Just as we saw in the August collapse, US financial stocks appear to be facing the harsh reality that other markets already recognize. While US financial credit markets have been anything but exuberant for weeks, equity options markets have now turned their bullish backs on the banks as Bloomberg reports the ratio of bearish to bullish options on the S&P Financials ETF has climbed to the highest level in a year this week, reflects rising demand for protection against losses as NIM hopes collapse and Fed "error" probabilities increase.
Bank stocks are once again catching down to financial credit markets...
And now, as Bloomberg reports, while the start of Federal Reserve tightening was supposed to boost stocks in financial firms that have seen interest income shrivel, if hedging activity is any indication, investors are getting antsy about that trade.

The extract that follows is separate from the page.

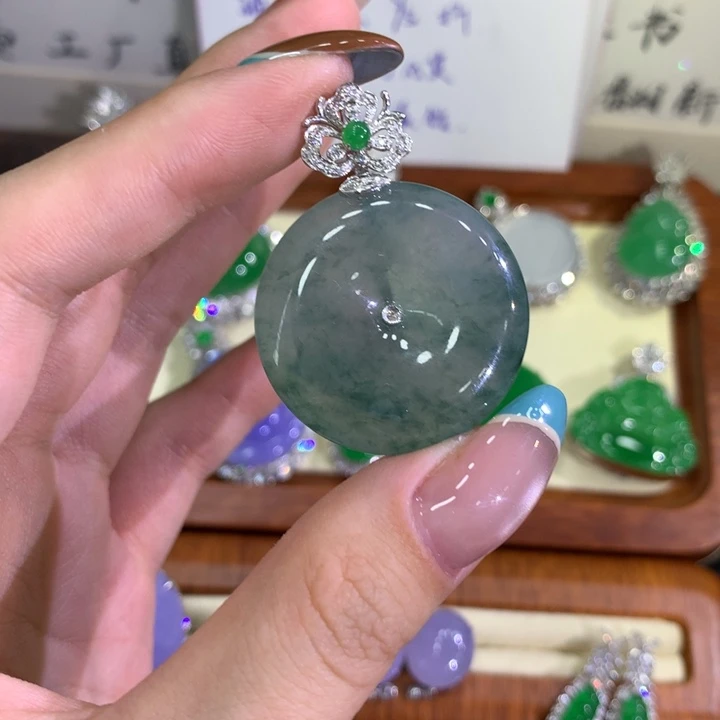 颈饰18K金镶嵌翡翠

The ratio of bearish to bullish options on an exchange-traded fund tracking financial companies in the Standard & Poor’s 500 Index has climbed to the highest level in a year this week, according to data compiled by Bloomberg. That reflects rising demand for protection against losses in an ETF that absorbed $1.7 billion over the last three months of 2015, the most among nine industries.
Traders own 178 bearish contracts on the SPDR Financial Select Sector ETF for every 100 bullish ones, according to data compiled by Bloomberg as of Jan. 4. The measure rose to 181 on Dec. 30, the highest put-call ratio since Nov. 24, 2014. On average in 2015, the ratio was 118-to-100.

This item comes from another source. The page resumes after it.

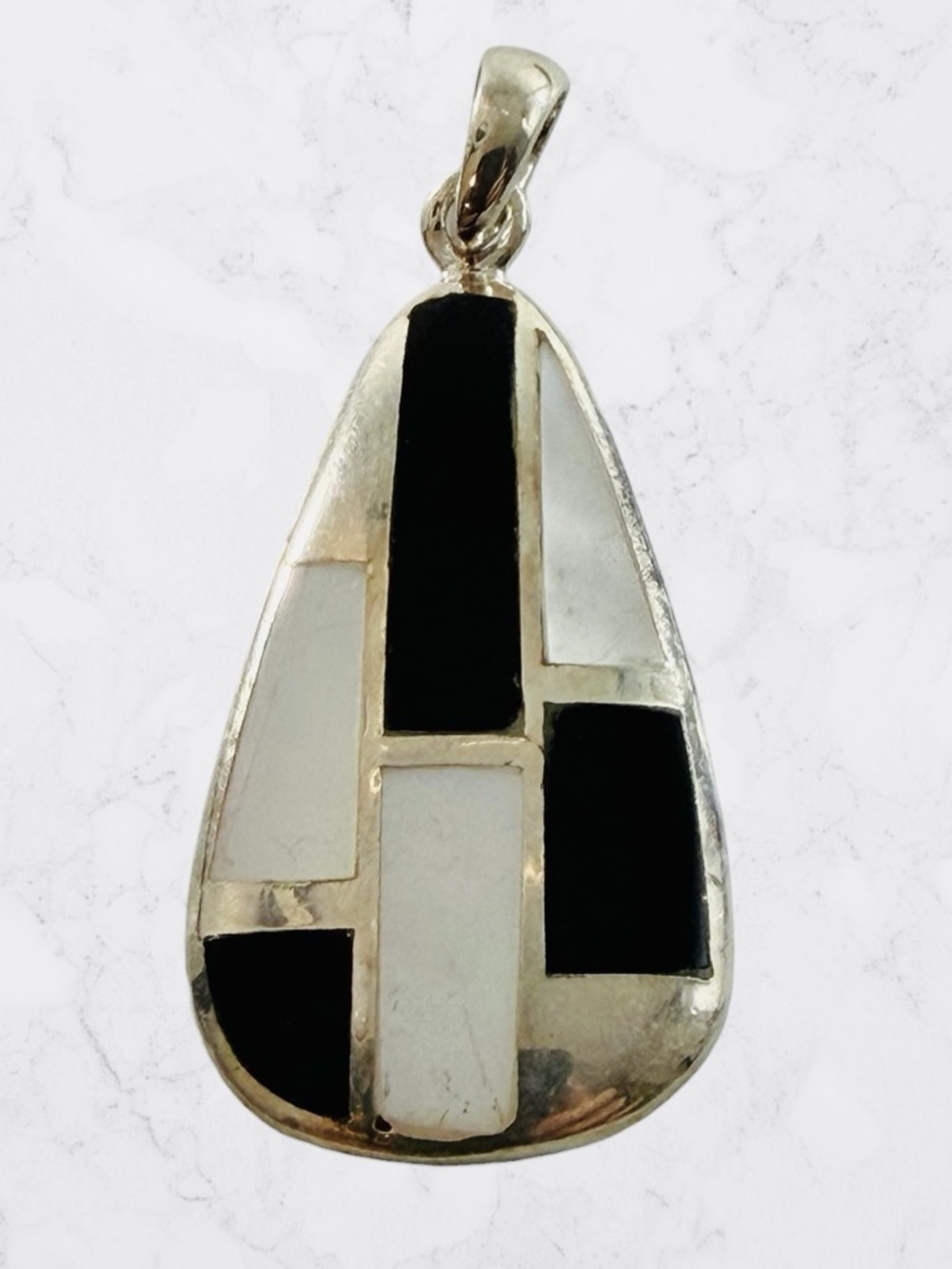 Sterling Silver 925 Black Onyx Mother of Pearl Inlay Teardrop Pendant A Thailand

"Everyone’s saying the financials are going to get better because interest rates are rising but it’s not going to happen overnight,” Michael Block, chief strategist at Rhino Trading Partners LLC in New York, said by phone. “People should be worried about earnings, about how banks are going to make money. They need higher interest rates and they need more trading opportunities.”
But, but, but...everyone said Financials were a no-brainer?!